═════ Exercise material ═════

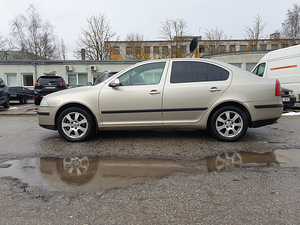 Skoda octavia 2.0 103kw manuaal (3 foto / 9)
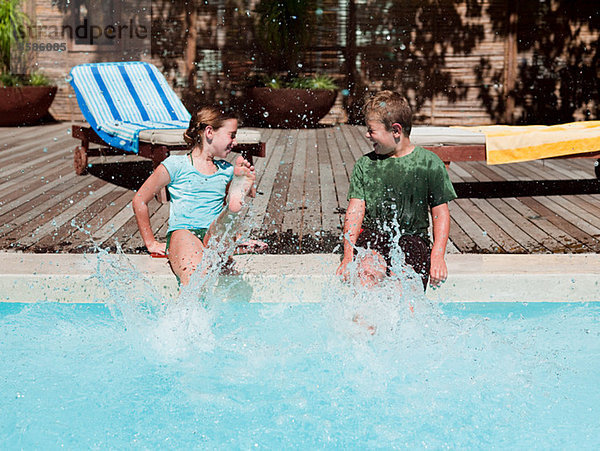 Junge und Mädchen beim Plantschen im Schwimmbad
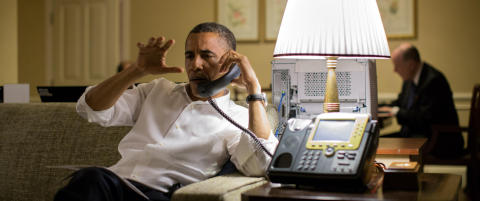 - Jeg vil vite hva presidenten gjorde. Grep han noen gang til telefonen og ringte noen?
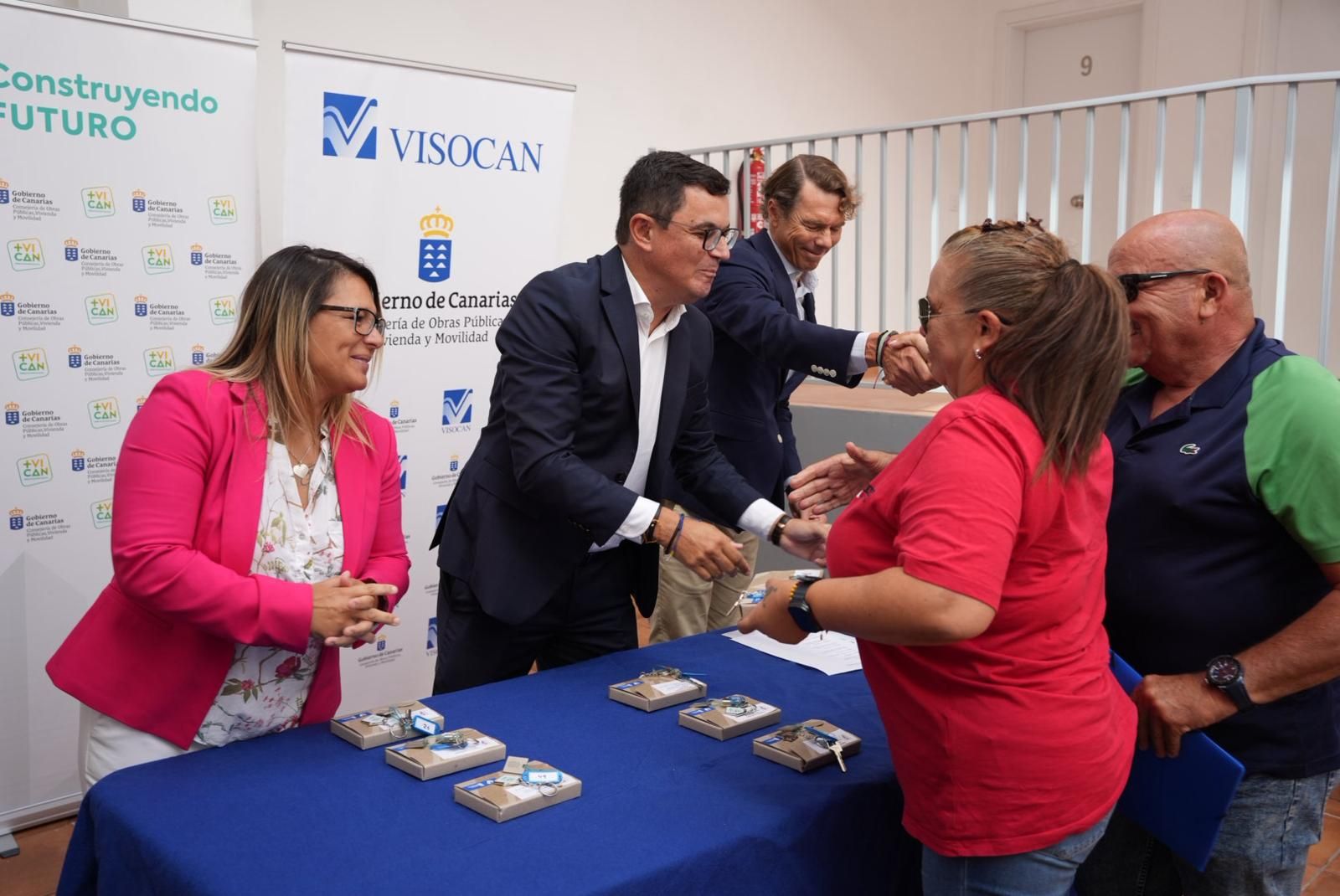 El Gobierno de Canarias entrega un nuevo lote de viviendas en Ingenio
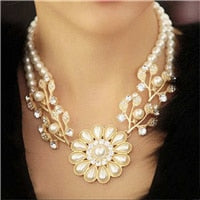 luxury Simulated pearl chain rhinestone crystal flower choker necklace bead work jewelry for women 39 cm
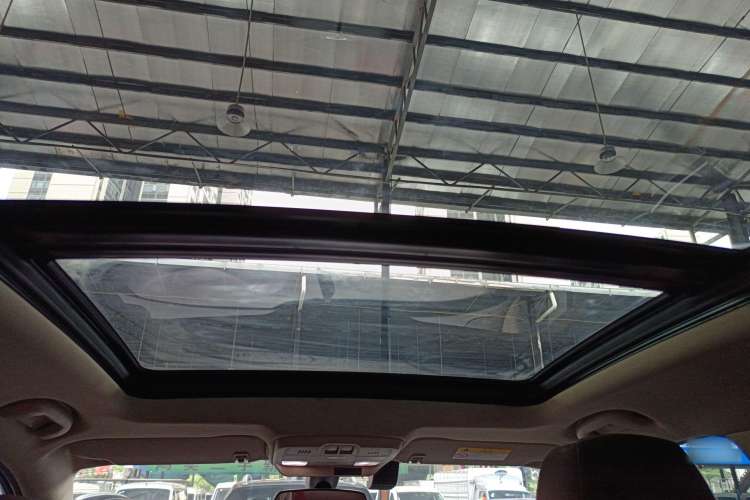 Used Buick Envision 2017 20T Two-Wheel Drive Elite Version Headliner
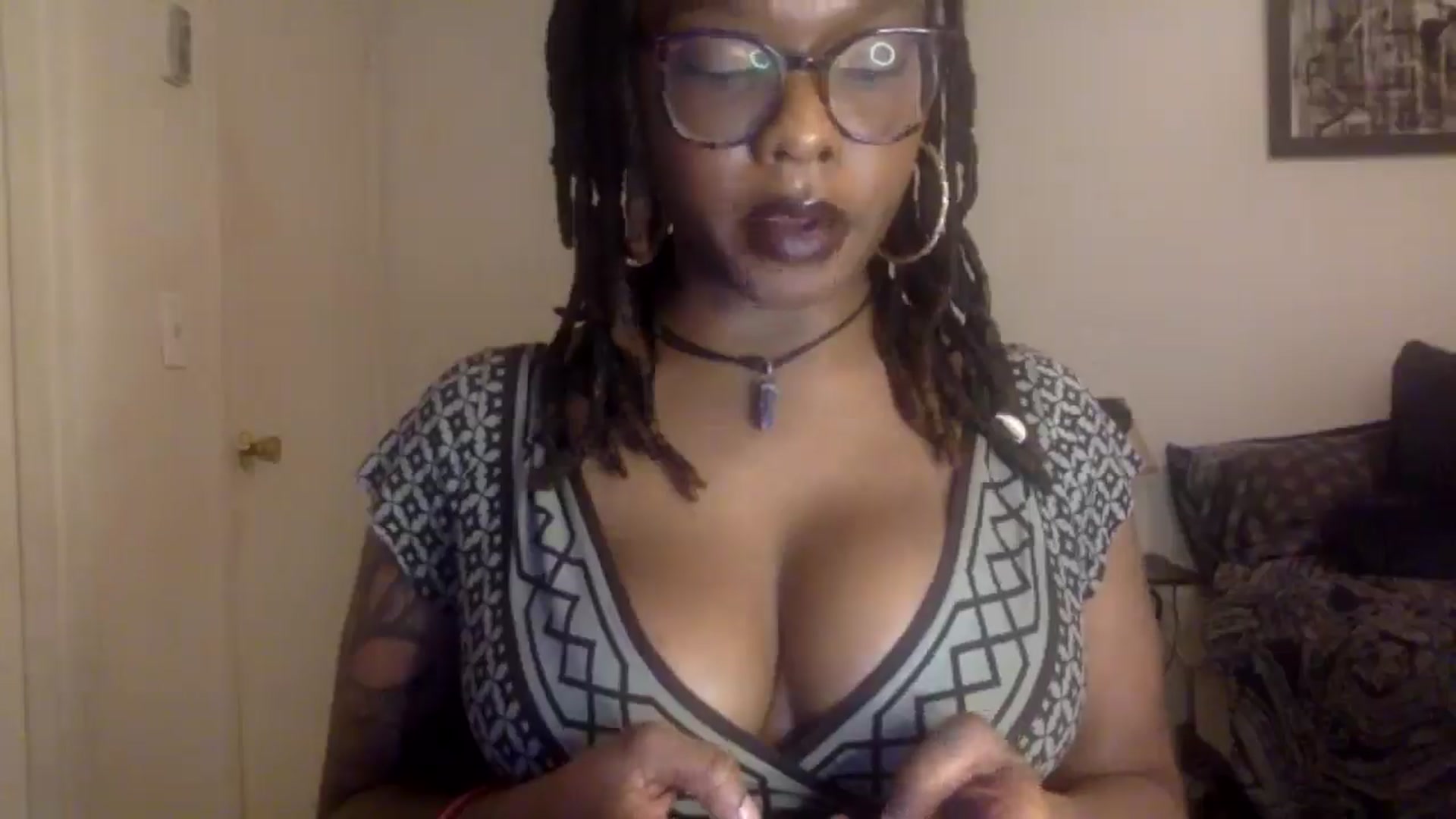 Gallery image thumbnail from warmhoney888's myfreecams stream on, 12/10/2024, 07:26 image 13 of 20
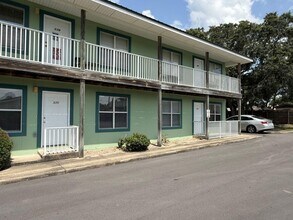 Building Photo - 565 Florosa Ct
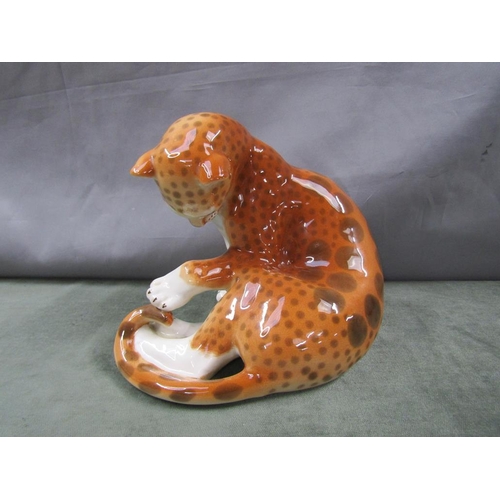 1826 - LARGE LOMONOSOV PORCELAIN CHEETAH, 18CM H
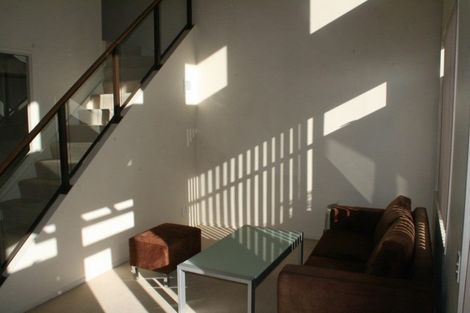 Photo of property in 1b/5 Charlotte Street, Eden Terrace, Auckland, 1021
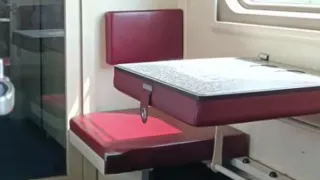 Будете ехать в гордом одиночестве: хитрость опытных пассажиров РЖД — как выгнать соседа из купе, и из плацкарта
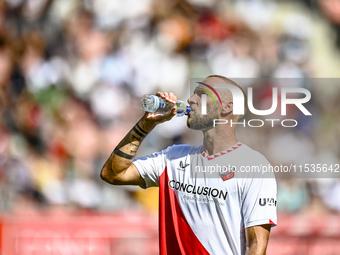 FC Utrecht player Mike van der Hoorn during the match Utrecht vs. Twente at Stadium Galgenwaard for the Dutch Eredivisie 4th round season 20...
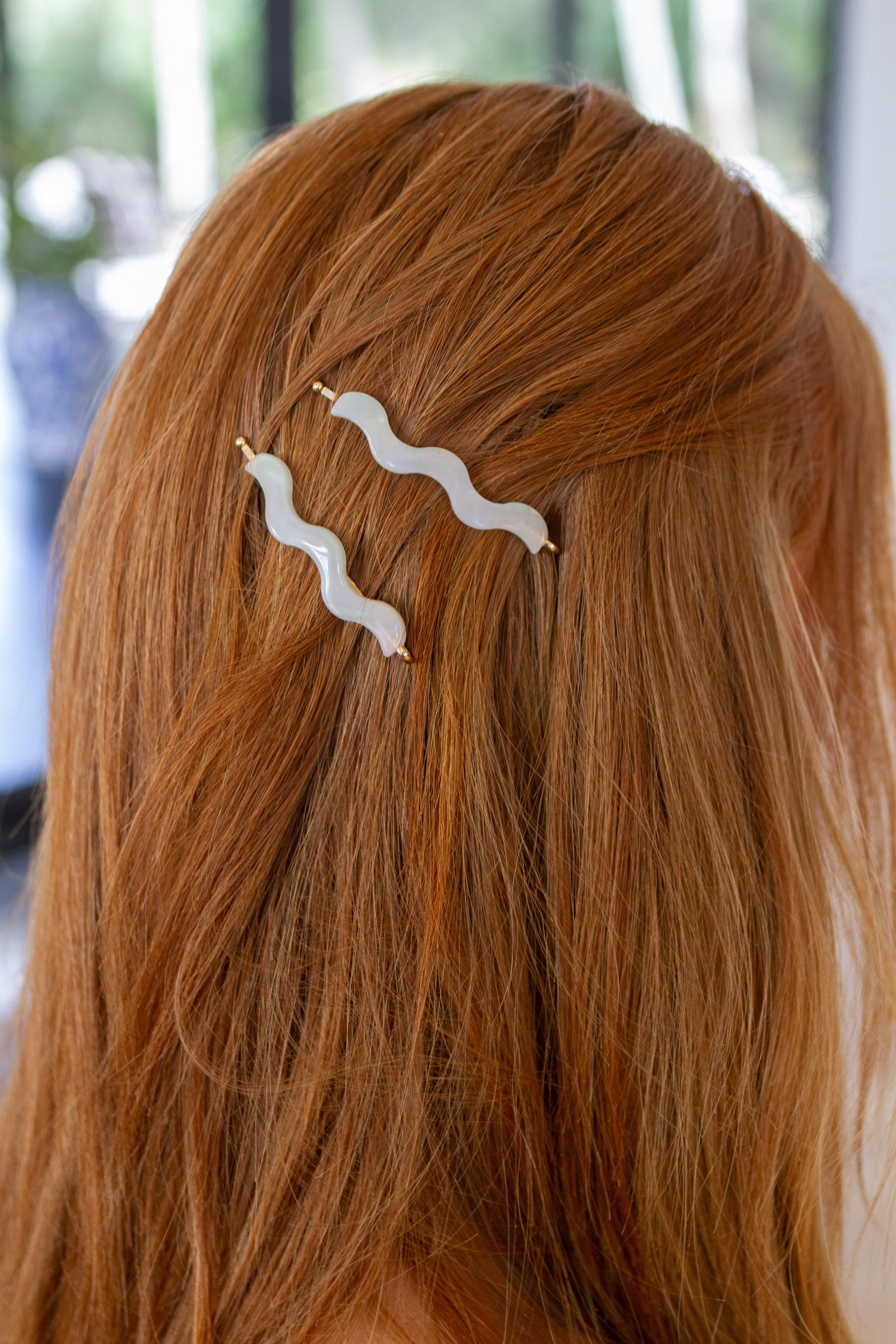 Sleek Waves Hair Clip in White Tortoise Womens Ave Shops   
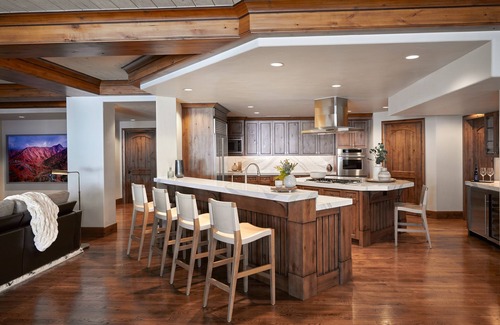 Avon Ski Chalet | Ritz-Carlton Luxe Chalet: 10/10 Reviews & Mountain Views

═════

# About this exercise
Although pictures appear among the entries, please set down only the lines from the one with "- Jeg vil vite" up to and including the one with "Photo of property", word for word.

# Exercise response
 - Jeg vil vite hva presidenten gjorde. Grep han noen gang til telefonen og ringte noen?
 El Gobierno de Canarias entrega un nuevo lote de viviendas en Ingenio
 luxury Simulated pearl chain rhinestone crystal flower choker necklace bead work jewelry for women 39 cm
 Used Buick Envision 2017 20T Two-Wheel Drive Elite Version Headliner
 Gallery image thumbnail from warmhoney888's myfreecams stream on, 12/10/2024, 07:26 image 13 of 20
 Building Photo - 565 Florosa Ct
 1826 - LARGE LOMONOSOV PORCELAIN CHEETAH, 18CM H
 Photo of property in 1b/5 Charlotte Street, Eden Terrace, Auckland, 1021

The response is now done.